The dark horse material is cadmium telluride, which is currently being researched as a possible replacement for CMOS. Unlike CMOS, which has an indirect bandgap, cadmium telluride has the same kind of direct bandgap as gallium arsenide, which makes it more efficient.

But the even bigger problem lies outside the packages of solar cell arrays. Rodgers says it costs $750 per unit for the solar cells, and about the same amount of money to install it on a roof. He said the technology wrapped around the solar cell needs to be dramatically simplified to bring down the cost.

“The installation is too high and electronics are too expensive,” he said. “All of those things will be improved. By 2012, the goal is to match PG&E’s cost for producing electricity. In a couple of years, the price of solar will be cheaper and you will start seeing exponential growth.”

National Semiconductor claims to have solved one piece of the puzzle. Brian Halla, chairman and CEO of National, showed off a battery management device this week that he claims will greatly improve the efficiency of existing solar installations.

“A string of solar panels today works like the batteries in a Maglite flashlight,” he said. “If one goes out, they’re all bad.”

He said the same applies to solar panels, where one may be partially shaded for part of the day and throws off the electricity generated by the others.
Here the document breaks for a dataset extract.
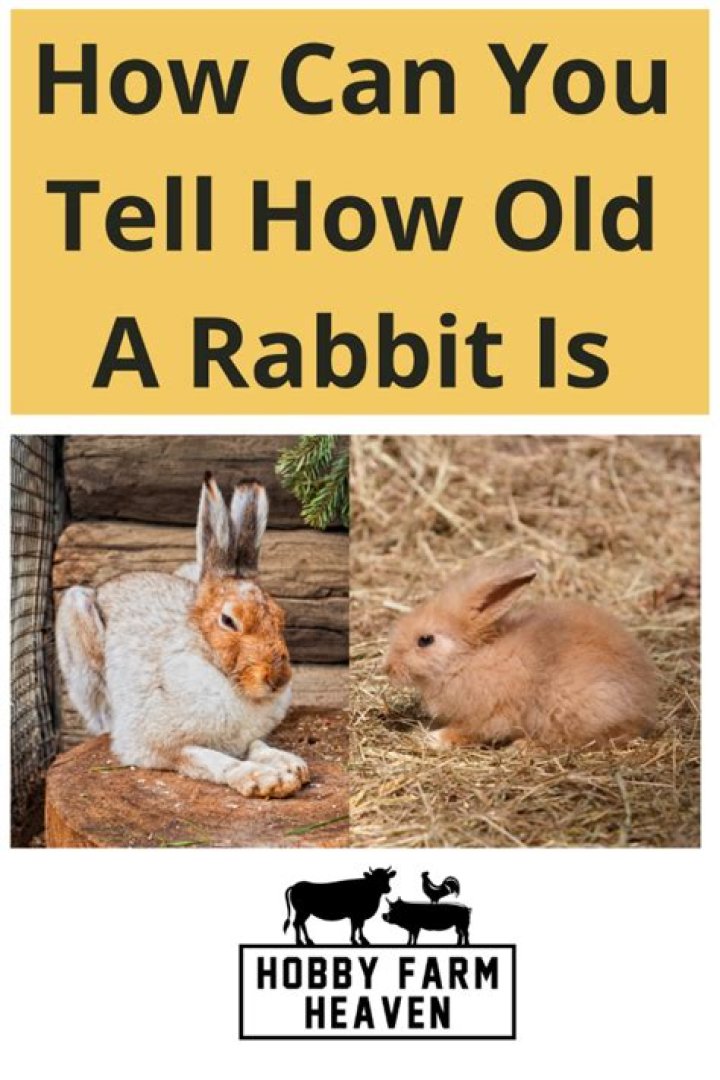 How can you tell how old your bunny is?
By routing the power through the device, he said far more power is generated.

Both companies, as well as Actel, are experimenting with a number of new system-level designs that can either generate or conserve electricity. Among the technologies being tested:

  1. Heat-generated electricity. A device being researched will wrap around the smokestack on diesel trucks is expected to produce 2Kw/hr. that currently is wasted. The same device can be applied to a hot exhaust pipe on a car to charge a battery. While it won’t fully run a hybrid car, it may increase the mileage by 10 percent.

  2. Commercial fuel cells. These are expected to show up in commercial generating stations over the next several years.
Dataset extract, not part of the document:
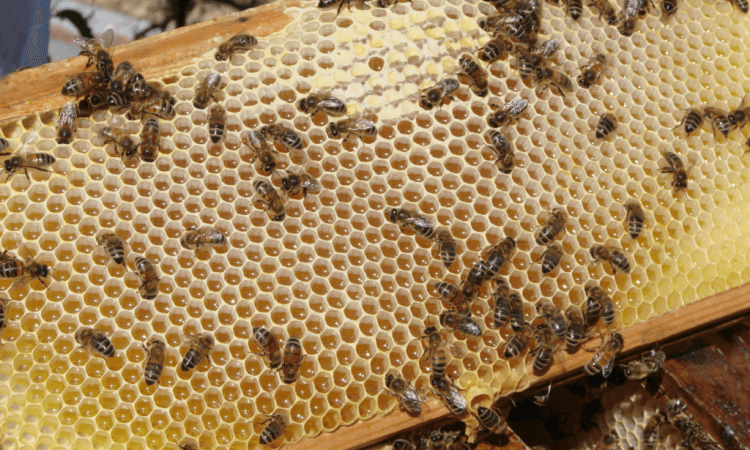 beekeeping hive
  3. Non-fixed solar farms. These are expected to begin operation over the next several years so they track the sun’s arc instead of fixed cells that can only produce electricity during part of the daylight.

John East, president and CEO of Actel, noted that the total savings from eliminating imported oil and avoiding wars fought to preserve oil could amount to about $1.5 billion a year, making it likely that such projects will become increasingly attractive sources of research and development over the next four years.